(Stored items)
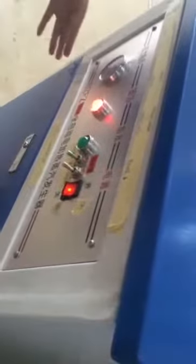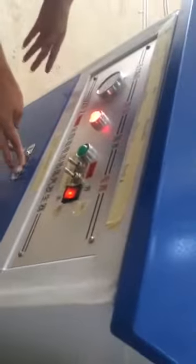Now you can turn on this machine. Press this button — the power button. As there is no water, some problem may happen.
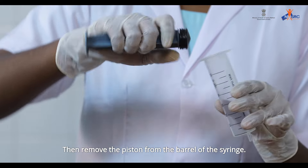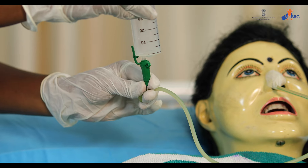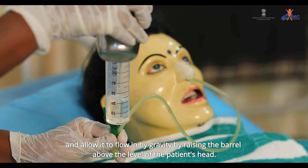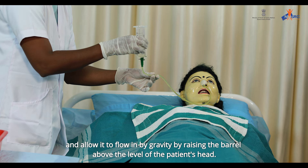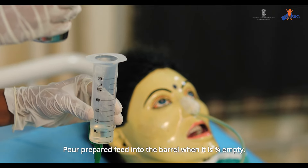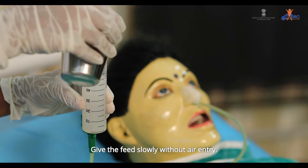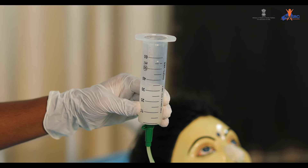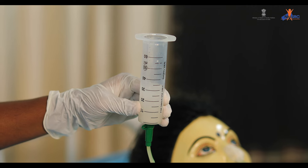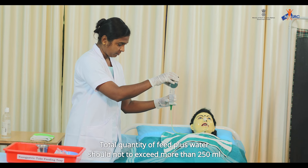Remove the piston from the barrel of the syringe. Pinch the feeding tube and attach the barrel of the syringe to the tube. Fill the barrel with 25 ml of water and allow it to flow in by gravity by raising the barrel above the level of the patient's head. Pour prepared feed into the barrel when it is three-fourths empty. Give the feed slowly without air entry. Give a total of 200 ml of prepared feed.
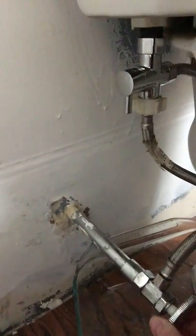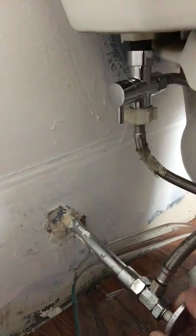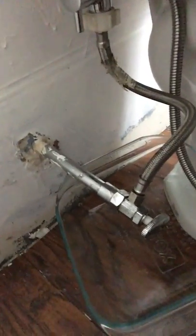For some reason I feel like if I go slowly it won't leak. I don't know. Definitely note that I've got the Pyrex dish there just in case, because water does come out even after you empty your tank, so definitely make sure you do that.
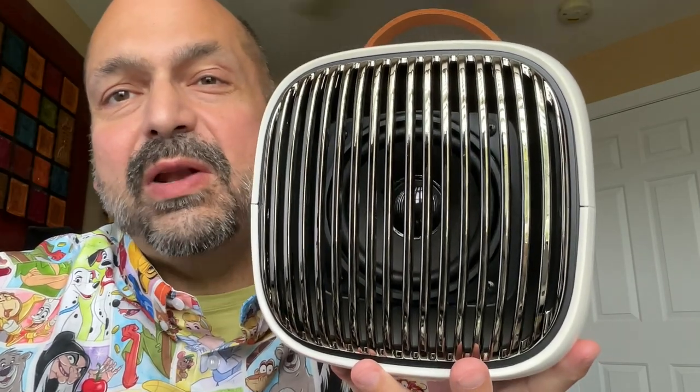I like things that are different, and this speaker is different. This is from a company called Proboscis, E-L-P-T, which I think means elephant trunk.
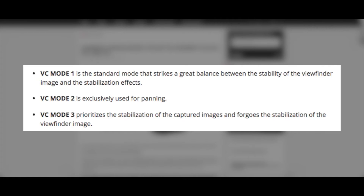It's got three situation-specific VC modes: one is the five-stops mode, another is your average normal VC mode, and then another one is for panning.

• PROBLEM TO WORK ON: With the pictures left out, output all the entries exactly.

• OUTPUT FOR THIS TASK:
Now you can turn on this machine. Press this button — the power button. As there is no water, some problem may happen.
Remove the piston from the barrel of the syringe. Pinch the feeding tube and attach the barrel of the syringe to the tube. Fill the barrel with 25 ml of water and allow it to flow in by gravity by raising the barrel above the level of the patient's head. Pour prepared feed into the barrel when it is three-fourths empty. Give the feed slowly without air entry. Give a total of 200 ml of prepared feed.
For some reason I feel like if I go slowly it won't leak. I don't know. Definitely note that I've got the Pyrex dish there just in case, because water does come out even after you empty your tank, so definitely make sure you do that.
I like things that are different, and this speaker is different. This is from a company called Proboscis, E-L-P-T, which I think means elephant trunk.
It's got three situation-specific VC modes: one is the five-stops mode, another is your average normal VC mode, and then another one is for panning.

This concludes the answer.